Short web captions
==================================================
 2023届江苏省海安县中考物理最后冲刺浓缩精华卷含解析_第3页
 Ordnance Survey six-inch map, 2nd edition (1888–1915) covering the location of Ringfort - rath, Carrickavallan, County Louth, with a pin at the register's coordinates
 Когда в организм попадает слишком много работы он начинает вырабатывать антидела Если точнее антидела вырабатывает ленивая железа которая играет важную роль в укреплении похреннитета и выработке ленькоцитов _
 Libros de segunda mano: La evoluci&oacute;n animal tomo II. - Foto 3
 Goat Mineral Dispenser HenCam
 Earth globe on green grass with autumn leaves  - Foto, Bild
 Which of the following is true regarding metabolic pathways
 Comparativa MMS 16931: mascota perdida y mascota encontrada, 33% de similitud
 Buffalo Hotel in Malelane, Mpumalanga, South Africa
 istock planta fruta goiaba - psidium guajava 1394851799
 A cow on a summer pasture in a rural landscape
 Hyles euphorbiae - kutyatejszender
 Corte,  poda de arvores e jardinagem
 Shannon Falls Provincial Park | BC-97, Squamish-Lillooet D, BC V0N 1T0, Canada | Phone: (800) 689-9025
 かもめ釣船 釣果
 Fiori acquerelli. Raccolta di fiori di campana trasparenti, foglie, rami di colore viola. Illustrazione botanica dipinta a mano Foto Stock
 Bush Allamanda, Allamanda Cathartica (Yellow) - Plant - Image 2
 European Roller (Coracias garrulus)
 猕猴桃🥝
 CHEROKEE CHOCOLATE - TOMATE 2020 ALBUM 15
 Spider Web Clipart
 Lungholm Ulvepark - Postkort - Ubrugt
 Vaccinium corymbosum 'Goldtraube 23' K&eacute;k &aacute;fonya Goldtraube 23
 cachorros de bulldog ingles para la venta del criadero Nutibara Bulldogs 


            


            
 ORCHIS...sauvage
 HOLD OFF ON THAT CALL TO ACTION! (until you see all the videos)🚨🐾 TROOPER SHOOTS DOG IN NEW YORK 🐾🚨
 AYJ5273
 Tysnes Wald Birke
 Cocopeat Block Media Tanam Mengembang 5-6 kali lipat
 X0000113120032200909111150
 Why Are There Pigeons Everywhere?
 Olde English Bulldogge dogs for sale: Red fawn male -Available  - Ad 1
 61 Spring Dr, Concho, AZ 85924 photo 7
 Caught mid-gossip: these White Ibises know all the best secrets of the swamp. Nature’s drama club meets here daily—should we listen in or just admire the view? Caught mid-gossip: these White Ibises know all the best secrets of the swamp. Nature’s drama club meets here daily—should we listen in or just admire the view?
==================================================
**WHAT TO WORK ON**: Reproduce the lines from the one containing "61 Spring Dr, Concho, AZ 85924 photo 7" to the end of the entries, keeping both ends and adding nothing.

**YOUR SOLUTION**:
 61 Spring Dr, Concho, AZ 85924 photo 7
 Caught mid-gossip: these White Ibises know all the best secrets of the swamp. Nature’s drama club meets here daily—should we listen in or just admire the view? Caught mid-gossip: these White Ibises know all the best secrets of the swamp. Nature’s drama club meets here daily—should we listen in or just admire the view?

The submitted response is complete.